-- Provided records follows --

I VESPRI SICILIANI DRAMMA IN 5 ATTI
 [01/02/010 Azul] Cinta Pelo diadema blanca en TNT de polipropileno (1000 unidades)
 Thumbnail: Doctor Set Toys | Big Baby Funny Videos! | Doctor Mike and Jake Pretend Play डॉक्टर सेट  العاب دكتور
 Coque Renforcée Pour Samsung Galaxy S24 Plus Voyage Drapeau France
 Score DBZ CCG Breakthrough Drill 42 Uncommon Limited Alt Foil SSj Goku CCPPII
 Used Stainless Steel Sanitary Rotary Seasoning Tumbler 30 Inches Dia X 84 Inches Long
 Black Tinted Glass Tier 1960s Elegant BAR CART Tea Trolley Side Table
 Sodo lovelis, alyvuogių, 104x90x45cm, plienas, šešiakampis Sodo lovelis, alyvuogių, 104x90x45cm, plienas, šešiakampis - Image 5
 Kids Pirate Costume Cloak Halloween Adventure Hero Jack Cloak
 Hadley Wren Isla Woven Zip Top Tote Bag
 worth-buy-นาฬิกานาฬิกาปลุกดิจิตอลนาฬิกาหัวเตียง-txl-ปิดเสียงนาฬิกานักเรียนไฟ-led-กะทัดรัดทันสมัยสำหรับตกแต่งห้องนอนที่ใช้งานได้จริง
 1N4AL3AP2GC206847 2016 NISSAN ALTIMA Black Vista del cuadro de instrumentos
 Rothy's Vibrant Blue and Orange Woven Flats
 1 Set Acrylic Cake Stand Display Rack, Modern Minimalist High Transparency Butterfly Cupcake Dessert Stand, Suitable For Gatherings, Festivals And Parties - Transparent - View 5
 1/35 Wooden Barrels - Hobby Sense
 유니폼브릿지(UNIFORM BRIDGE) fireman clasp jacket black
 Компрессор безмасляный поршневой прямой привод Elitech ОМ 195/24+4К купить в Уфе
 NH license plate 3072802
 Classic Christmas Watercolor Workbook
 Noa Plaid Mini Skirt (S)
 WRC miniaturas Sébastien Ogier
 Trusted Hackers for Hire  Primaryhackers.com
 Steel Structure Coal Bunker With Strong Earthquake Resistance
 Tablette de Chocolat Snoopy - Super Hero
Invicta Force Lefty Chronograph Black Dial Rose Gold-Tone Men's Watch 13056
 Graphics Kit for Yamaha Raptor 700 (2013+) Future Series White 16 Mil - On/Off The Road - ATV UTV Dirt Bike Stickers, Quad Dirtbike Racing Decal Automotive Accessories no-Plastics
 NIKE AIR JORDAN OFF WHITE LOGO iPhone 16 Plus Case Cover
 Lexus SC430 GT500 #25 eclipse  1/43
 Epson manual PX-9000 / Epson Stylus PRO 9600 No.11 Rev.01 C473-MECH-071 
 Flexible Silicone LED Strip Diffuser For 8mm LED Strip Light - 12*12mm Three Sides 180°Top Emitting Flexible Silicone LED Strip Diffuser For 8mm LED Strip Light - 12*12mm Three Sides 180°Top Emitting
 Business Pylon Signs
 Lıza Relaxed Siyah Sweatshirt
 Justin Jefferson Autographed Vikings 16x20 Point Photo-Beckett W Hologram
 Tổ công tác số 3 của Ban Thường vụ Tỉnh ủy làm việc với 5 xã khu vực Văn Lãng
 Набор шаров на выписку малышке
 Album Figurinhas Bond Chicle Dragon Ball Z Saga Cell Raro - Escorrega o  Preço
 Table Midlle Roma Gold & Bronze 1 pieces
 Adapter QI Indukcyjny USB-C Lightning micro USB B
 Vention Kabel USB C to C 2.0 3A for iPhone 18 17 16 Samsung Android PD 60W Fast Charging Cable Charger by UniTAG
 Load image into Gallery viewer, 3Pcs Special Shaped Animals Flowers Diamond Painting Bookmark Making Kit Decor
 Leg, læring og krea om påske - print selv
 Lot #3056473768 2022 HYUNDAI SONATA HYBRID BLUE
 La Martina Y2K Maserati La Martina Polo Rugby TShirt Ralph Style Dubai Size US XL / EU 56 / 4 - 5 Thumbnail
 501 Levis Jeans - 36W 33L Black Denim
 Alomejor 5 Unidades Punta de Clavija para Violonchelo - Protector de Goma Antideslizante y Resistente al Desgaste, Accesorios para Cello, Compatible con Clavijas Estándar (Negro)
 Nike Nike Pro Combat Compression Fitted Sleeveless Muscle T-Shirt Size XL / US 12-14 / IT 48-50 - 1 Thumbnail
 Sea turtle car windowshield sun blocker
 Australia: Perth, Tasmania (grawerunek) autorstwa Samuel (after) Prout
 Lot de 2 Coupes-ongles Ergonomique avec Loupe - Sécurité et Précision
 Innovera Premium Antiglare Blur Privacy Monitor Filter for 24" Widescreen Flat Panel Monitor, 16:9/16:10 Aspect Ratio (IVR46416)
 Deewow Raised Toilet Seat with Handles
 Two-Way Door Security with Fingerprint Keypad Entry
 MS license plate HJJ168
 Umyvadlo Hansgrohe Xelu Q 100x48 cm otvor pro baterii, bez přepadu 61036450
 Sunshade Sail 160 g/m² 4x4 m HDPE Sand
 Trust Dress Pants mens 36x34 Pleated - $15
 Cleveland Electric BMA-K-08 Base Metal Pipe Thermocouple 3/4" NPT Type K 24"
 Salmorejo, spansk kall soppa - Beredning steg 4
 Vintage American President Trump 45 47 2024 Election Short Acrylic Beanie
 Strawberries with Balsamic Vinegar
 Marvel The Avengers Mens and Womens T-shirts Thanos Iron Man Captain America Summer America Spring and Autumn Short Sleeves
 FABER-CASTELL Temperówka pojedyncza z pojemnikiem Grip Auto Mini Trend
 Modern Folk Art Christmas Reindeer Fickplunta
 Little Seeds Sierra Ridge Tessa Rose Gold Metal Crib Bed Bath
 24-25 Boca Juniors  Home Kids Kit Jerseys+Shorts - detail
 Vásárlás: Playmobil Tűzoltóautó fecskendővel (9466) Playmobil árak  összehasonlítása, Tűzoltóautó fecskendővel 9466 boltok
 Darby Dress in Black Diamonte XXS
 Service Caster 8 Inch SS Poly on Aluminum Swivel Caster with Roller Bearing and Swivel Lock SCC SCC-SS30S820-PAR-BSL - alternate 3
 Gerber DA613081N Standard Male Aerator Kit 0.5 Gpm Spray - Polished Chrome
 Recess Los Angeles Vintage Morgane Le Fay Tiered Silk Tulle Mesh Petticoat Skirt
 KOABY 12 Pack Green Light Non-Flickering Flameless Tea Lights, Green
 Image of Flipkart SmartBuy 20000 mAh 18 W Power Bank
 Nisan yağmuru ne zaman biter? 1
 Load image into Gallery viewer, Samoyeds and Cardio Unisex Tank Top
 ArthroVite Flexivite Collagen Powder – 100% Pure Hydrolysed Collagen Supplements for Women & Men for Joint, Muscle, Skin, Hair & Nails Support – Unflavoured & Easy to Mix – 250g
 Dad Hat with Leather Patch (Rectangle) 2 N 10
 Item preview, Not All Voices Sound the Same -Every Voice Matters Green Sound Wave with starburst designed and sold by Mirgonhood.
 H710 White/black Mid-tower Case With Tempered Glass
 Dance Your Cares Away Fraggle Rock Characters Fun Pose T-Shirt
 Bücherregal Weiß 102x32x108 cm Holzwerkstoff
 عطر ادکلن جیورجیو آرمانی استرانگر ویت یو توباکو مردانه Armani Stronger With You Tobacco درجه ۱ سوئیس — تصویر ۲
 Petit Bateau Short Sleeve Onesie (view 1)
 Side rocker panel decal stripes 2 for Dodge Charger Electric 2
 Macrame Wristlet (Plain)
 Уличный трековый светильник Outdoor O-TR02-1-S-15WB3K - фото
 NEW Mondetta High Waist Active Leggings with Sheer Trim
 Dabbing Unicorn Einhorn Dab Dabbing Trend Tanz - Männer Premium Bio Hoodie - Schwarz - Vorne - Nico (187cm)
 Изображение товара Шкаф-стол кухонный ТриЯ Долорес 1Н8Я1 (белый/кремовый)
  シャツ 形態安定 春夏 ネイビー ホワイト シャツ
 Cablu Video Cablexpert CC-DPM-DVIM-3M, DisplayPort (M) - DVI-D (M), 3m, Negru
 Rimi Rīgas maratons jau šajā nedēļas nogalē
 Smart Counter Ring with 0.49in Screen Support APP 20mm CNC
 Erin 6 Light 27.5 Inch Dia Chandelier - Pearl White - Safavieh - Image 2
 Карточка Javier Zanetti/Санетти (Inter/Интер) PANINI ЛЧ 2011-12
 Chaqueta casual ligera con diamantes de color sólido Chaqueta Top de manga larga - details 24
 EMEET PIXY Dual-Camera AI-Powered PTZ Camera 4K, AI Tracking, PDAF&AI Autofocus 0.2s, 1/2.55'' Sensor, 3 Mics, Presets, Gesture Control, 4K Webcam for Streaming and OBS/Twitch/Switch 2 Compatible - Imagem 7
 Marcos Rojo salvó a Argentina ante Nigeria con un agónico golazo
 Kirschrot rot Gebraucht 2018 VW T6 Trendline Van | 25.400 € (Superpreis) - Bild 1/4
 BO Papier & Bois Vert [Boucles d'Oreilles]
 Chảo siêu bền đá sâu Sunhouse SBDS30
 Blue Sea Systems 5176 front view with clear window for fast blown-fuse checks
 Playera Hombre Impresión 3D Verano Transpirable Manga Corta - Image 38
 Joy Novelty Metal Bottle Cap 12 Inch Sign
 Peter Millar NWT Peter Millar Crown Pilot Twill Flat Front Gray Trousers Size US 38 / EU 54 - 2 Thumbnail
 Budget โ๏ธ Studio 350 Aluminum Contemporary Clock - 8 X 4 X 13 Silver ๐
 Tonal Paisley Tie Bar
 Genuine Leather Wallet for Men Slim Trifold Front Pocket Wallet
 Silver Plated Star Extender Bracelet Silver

-- Provided records concluded --

Exercise objective:
Going back over the entries above, copy word for word every line from the one that has "24-25 Boca Juniors" on through the one that has "Карточка Javier Zanetti/Санетти".

The answer:
 24-25 Boca Juniors  Home Kids Kit Jerseys+Shorts - detail
 Vásárlás: Playmobil Tűzoltóautó fecskendővel (9466) Playmobil árak  összehasonlítása, Tűzoltóautó fecskendővel 9466 boltok
 Darby Dress in Black Diamonte XXS
 Service Caster 8 Inch SS Poly on Aluminum Swivel Caster with Roller Bearing and Swivel Lock SCC SCC-SS30S820-PAR-BSL - alternate 3
 Gerber DA613081N Standard Male Aerator Kit 0.5 Gpm Spray - Polished Chrome
 Recess Los Angeles Vintage Morgane Le Fay Tiered Silk Tulle Mesh Petticoat Skirt
 KOABY 12 Pack Green Light Non-Flickering Flameless Tea Lights, Green
 Image of Flipkart SmartBuy 20000 mAh 18 W Power Bank
 Nisan yağmuru ne zaman biter? 1
 Load image into Gallery viewer, Samoyeds and Cardio Unisex Tank Top
 ArthroVite Flexivite Collagen Powder – 100% Pure Hydrolysed Collagen Supplements for Women & Men for Joint, Muscle, Skin, Hair & Nails Support – Unflavoured & Easy to Mix – 250g
 Dad Hat with Leather Patch (Rectangle) 2 N 10
 Item preview, Not All Voices Sound the Same -Every Voice Matters Green Sound Wave with starburst designed and sold by Mirgonhood.
 H710 White/black Mid-tower Case With Tempered Glass
 Dance Your Cares Away Fraggle Rock Characters Fun Pose T-Shirt
 Bücherregal Weiß 102x32x108 cm Holzwerkstoff
 عطر ادکلن جیورجیو آرمانی استرانگر ویت یو توباکو مردانه Armani Stronger With You Tobacco درجه ۱ سوئیس — تصویر ۲
 Petit Bateau Short Sleeve Onesie (view 1)
 Side rocker panel decal stripes 2 for Dodge Charger Electric 2
 Macrame Wristlet (Plain)
 Уличный трековый светильник Outdoor O-TR02-1-S-15WB3K - фото
 NEW Mondetta High Waist Active Leggings with Sheer Trim
 Dabbing Unicorn Einhorn Dab Dabbing Trend Tanz - Männer Premium Bio Hoodie - Schwarz - Vorne - Nico (187cm)
 Изображение товара Шкаф-стол кухонный ТриЯ Долорес 1Н8Я1 (белый/кремовый)
  シャツ 形態安定 春夏 ネイビー ホワイト シャツ
 Cablu Video Cablexpert CC-DPM-DVIM-3M, DisplayPort (M) - DVI-D (M), 3m, Negru
 Rimi Rīgas maratons jau šajā nedēļas nogalē
 Smart Counter Ring with 0.49in Screen Support APP 20mm CNC
 Erin 6 Light 27.5 Inch Dia Chandelier - Pearl White - Safavieh - Image 2
 Карточка Javier Zanetti/Санетти (Inter/Интер) PANINI ЛЧ 2011-12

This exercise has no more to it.